■ **EXERCISE REQUIREMENTS**: Output nothing but the lines from the beginning of the listing below through the line containing "266 Hallam Curve", exactly as they stand, without pictures.

== THE DATA ==

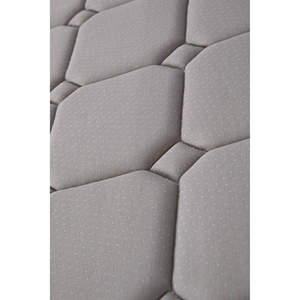 Colchón Plegable de Espuma Viscoelástica de 14 cm de Altura, Hecho en Italia, para Sofás Cama Individuales, Dobles o Queen Size - Product Image 3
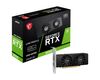 Scheda Tecnica: MSI GeForce RTX 3050 Lp 6g Oc mATX Am5 4xddr5, AMD Rz616 - 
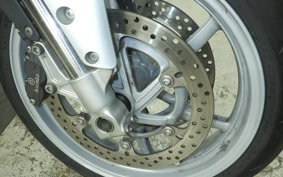 DUCATI MULTISTRADA 1000 DS 2006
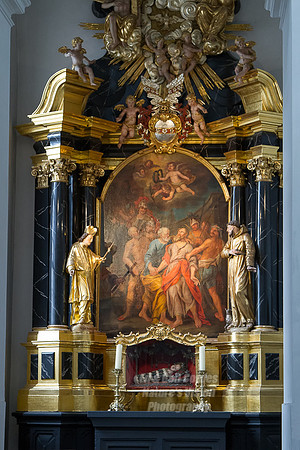 7D 2013-09-23-3033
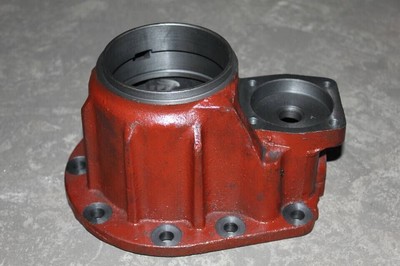 722中橋上殼生產(chǎn)廠家與購買便宜的機械配件的指南 長葛市光磊機械配件專業(yè)服務(wù)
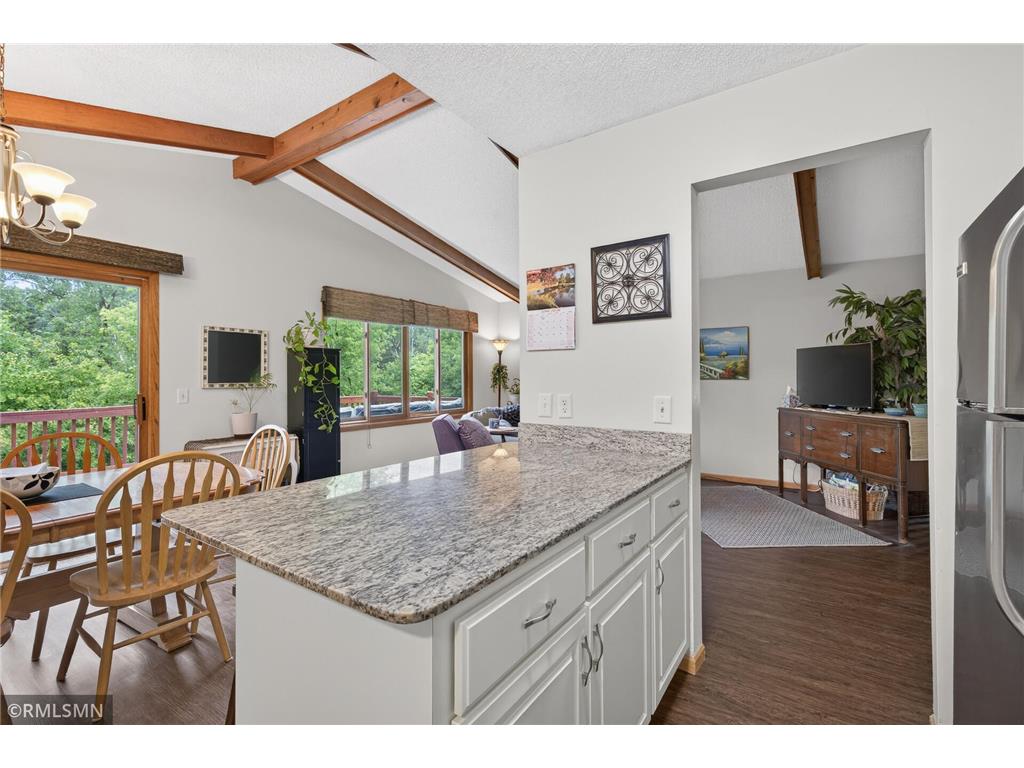 266 Hallam Curve Mahtomedi MN 55115 7095667 image16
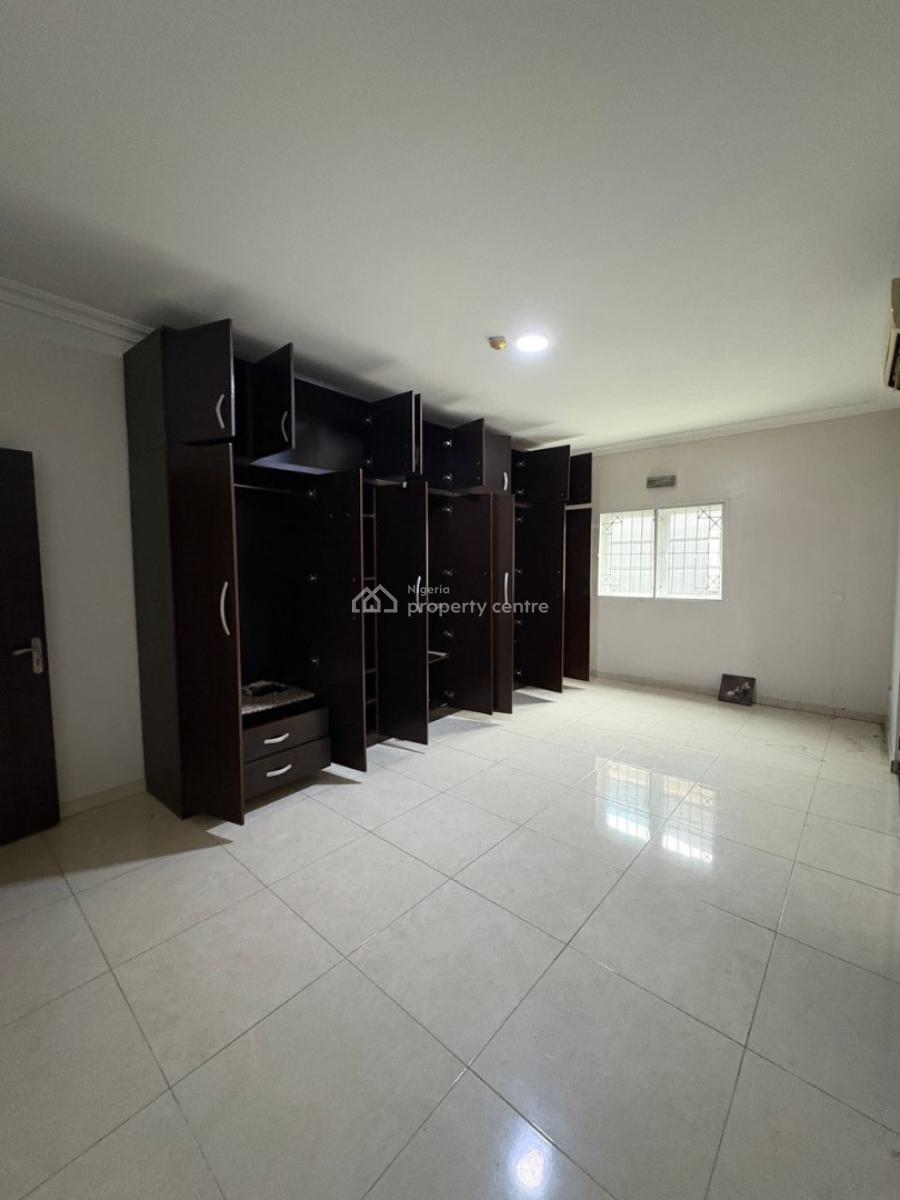 3 Bedroom Apartment, Ikate, Ikate Elegushi, Lekki, Lagos, Flat / Apartment for Rent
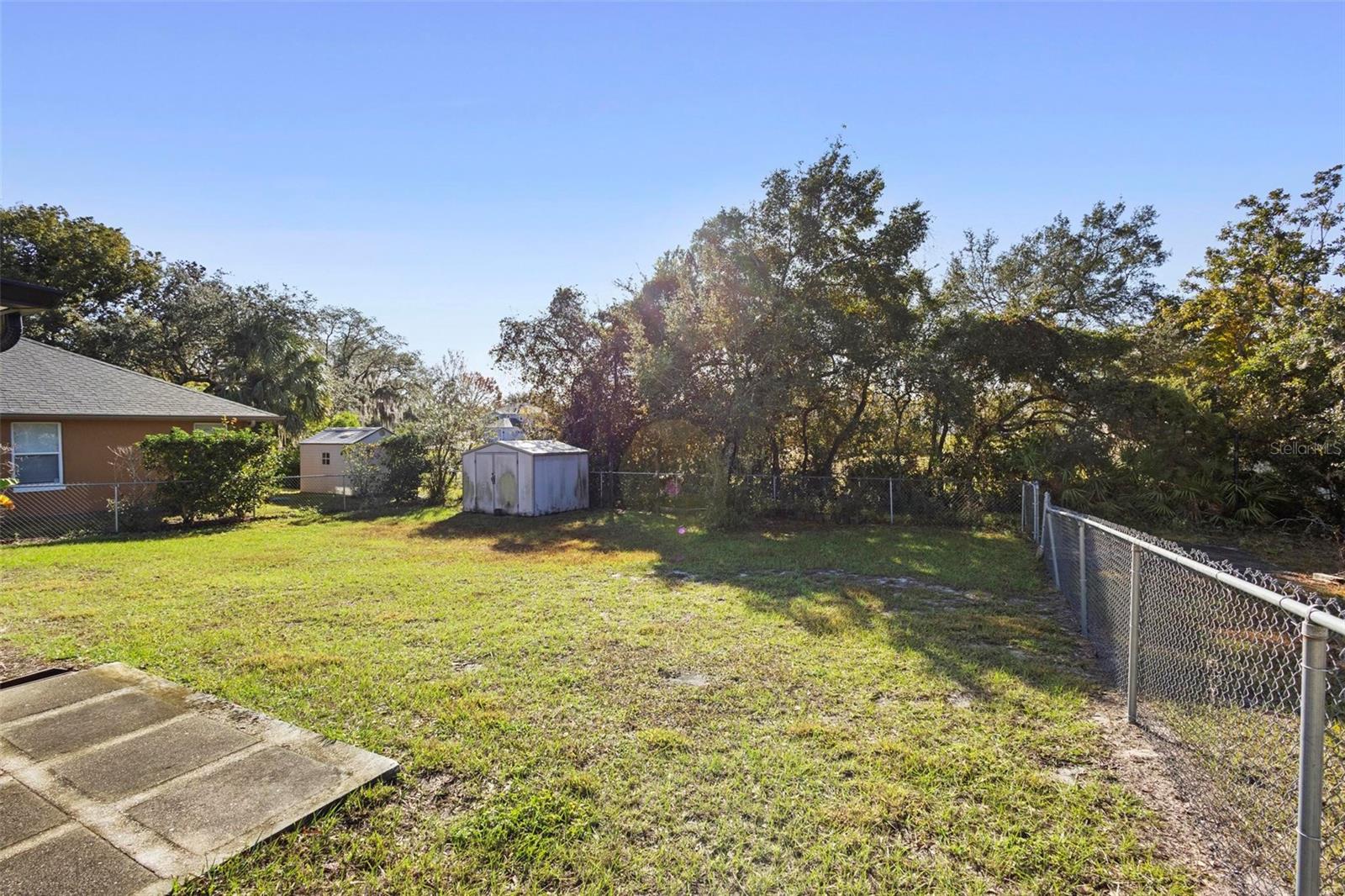 1911 S PALOMAR DR, DELTONA, FL, 32738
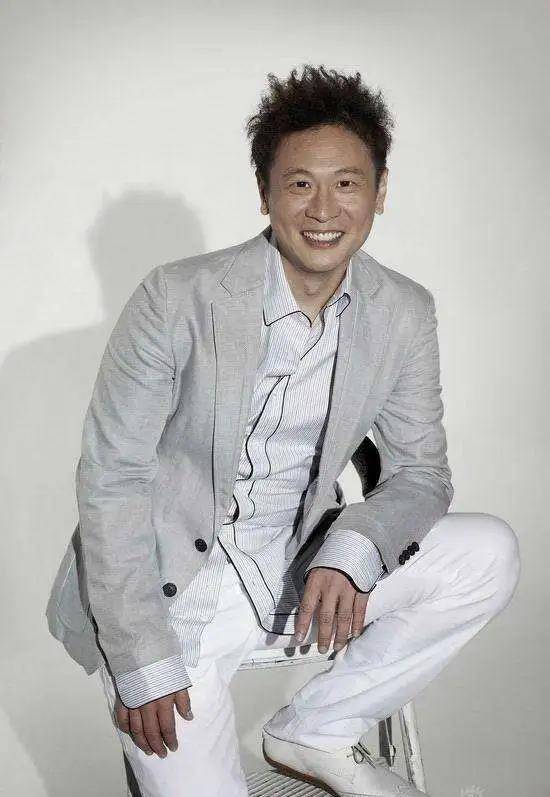 张世,能记住他的脸,却总记不住他的名字_赵高_胡歌_角色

===

■ **WRITTEN SOLUTION**:
 Colchón Plegable de Espuma Viscoelástica de 14 cm de Altura, Hecho en Italia, para Sofás Cama Individuales, Dobles o Queen Size - Product Image 3
 Scheda Tecnica: MSI GeForce RTX 3050 Lp 6g Oc mATX Am5 4xddr5, AMD Rz616 - 
 DUCATI MULTISTRADA 1000 DS 2006
 7D 2013-09-23-3033
 722中橋上殼生產(chǎn)廠家與購買便宜的機械配件的指南 長葛市光磊機械配件專業(yè)服務(wù)
 266 Hallam Curve Mahtomedi MN 55115 7095667 image16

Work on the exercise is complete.